CIA vs. Obama’s ‘optimistic’ ISIS talk; New DIA chief speaks; After Mullah Omar; Carter to arm recruiters; Hacking infrastructure; US-trained Syrian rebels kidnapped; And a bit more.
Multiple U.S. intelligence assessments contradict the Obama administration’s “optimistic line” on ISIS and on how much the Islamic State has been degraded across Iraq and Syria, according to the Associated Press. Catch that dismal roll-up from “the CIA, the Defense Intelligence Agency and others” over here. “‘We've seen no meaningful degradation in their numbers,’ a defense official said,’” AP reports.
Goodbye, Mullah Omar. Hello, Mullah Mansoor. Roughly 48 hours after news broke of Mullah Omar’s death, the Taliban announced Friday morning they have a new #1. AP reports: “Mullah Mohammad Akhtar Mansoor…has been an ‘active director’ of the jihad, or holy war, for some years.”

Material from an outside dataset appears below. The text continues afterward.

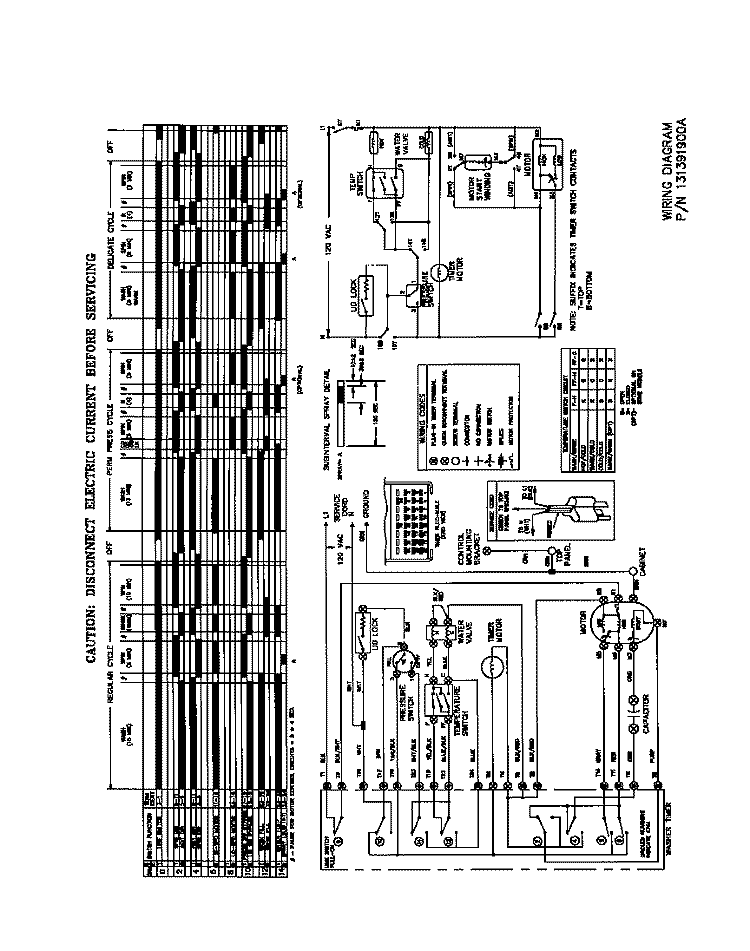 WIRING DIAGRAM Diagram and Parts List for WW334AGW0  Frigidaire Washer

“The new leader of the Taliban is seen as close to Pakistan, which is believed to have sheltered and supported the insurgents through the war, now in its 14th year. This may put him in a position to revive the peace talks,” AP adds, though negotiations scheduled for today in Pakistan have been cancelled indefinitely by Islamabad.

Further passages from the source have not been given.